# Smoking Venison Backstrap



## MossyMO

Last weekend I was thinking about brining a backstrap for about 3 days and then smoking it in hickory. My wife didn't think it sounded like a good idea and she didn't think it would taste very good. I think it would taste kind of like a very tender hickory smoked ham.

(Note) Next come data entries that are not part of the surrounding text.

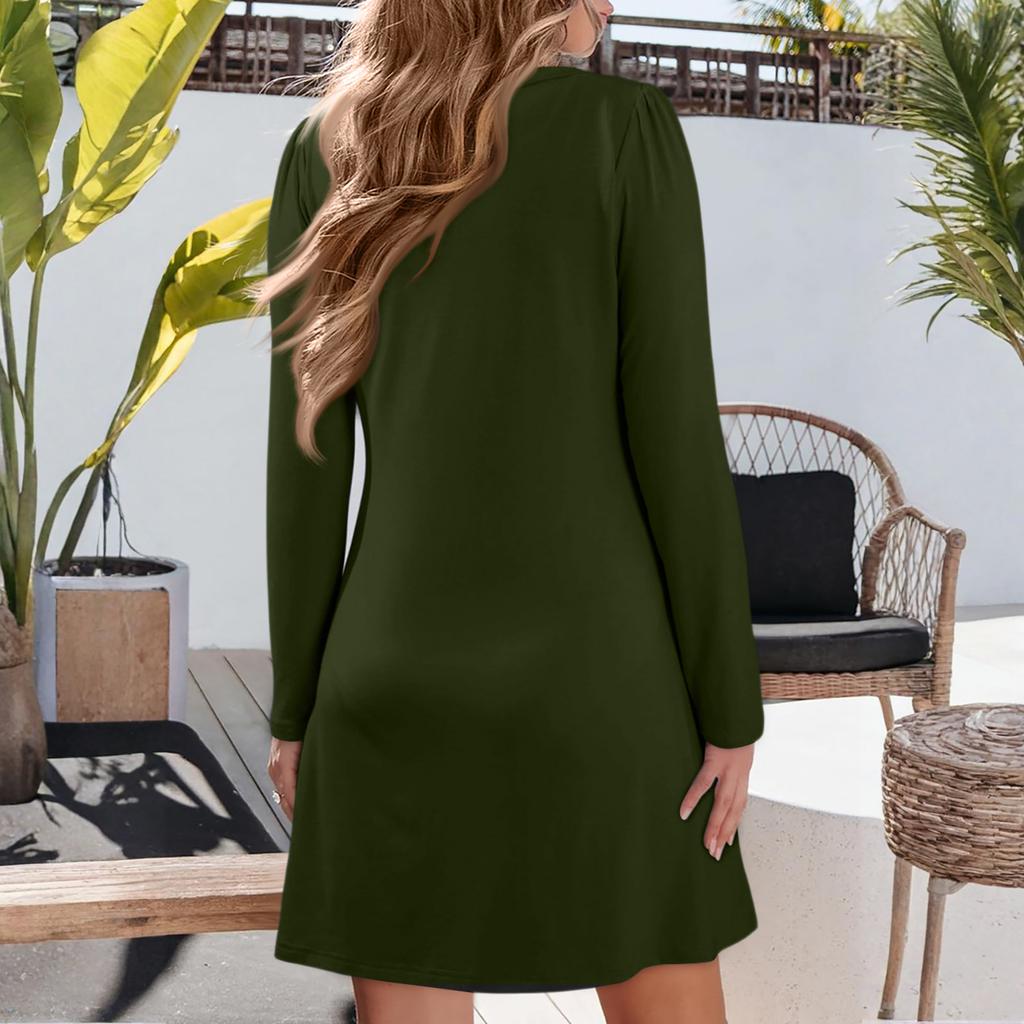 Women's Solid Color Dress Loose V-neck Casual Fashion Long Long Sleeved Dress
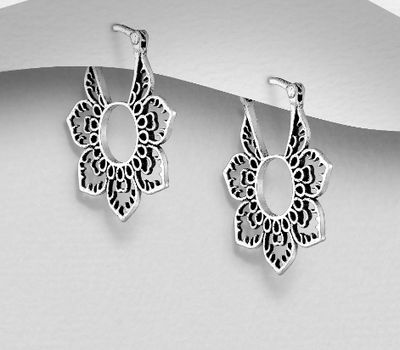 925 Sterling Silver Oxidized Flower Hoop Earrings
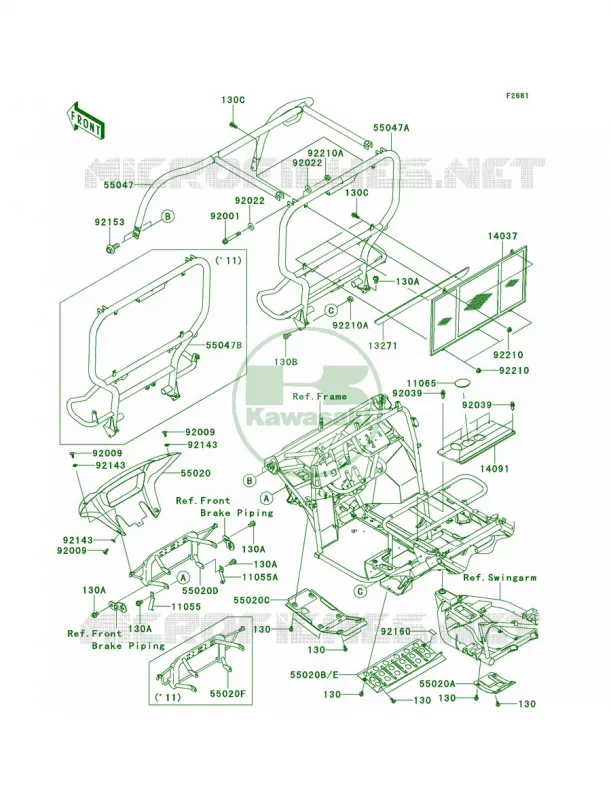 GuardsCab Frame Kawasaki MULE 400 2014 Mule 610 4x4  KAF400AEF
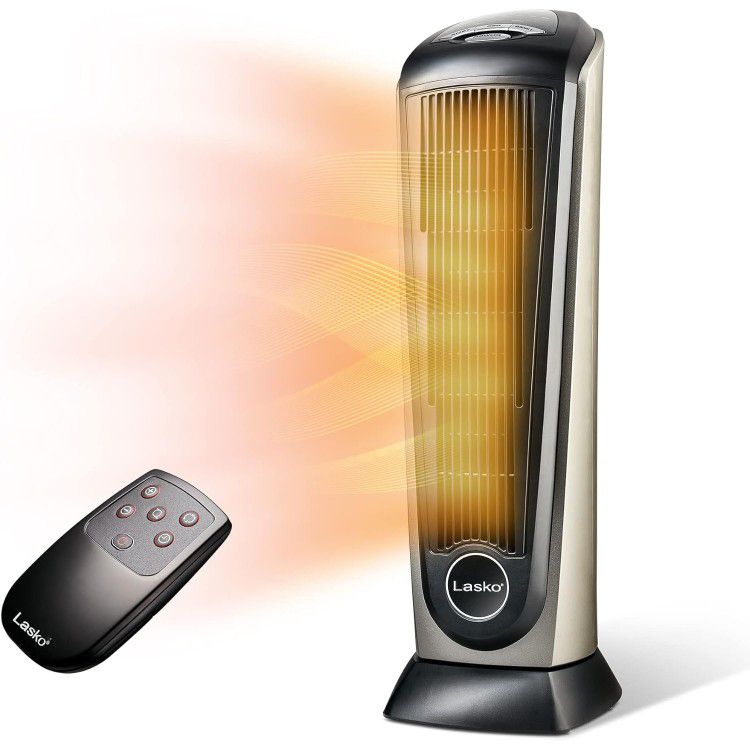 Lasko Oscillating Ceramic Tower Space Heater with Adjustable Thermostat - 22.5 Inches - Grey/Black - 1500W - 751320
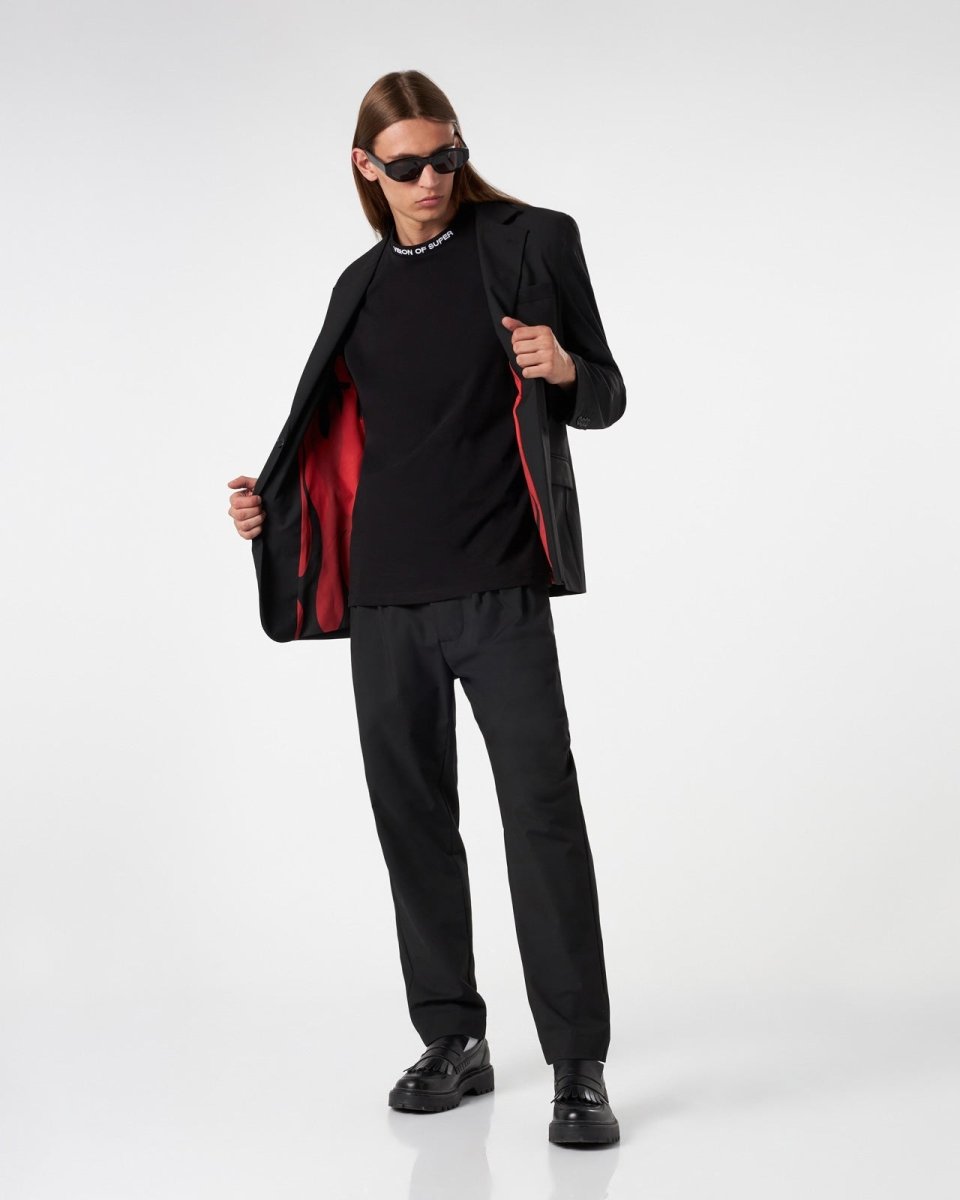 Vision Of Super BLACK BLAZER WITH INTERNAL FLAMES Qualità Garantita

Has anyone here ever tried this?


----------



## buckseye

I have and so has most of humanity before us :lol: Awesome sandwich meat.


----------



## Dak

Smoked venison backstrap is "WUNDERBAR".


----------



## woodpecker

xxxxxxxxxxxxxxxxxxxxxxxxxx


----------



## sierra03

The venison tenderloins are never going in the sausage again! wrapped in bacon with a simple dash of worcestr...sauce!! grilled on low for 20 min! I would buy it from a grocery store!


----------



## Dak

Tenderloins in the sausage...oh my. Now you know what you've missing 8)


----------



## KEN W

Backstraps into sausage????? :eyeroll:


----------



## sierra03

This year I saved the backstraps and tenderloins, and already grilled it all up. It is great stuff if you know what to do with it!


----------



## Sasha and Abby

I put two summer ducks on the smoker last week... best birds I have EVER had. I can't believe how well they turned out.


----------



## KEN W

What is a "summer duck?"


----------



## aupeters

Summer ducks... those are the ducks you shoot illegally during the summer. :beer:


----------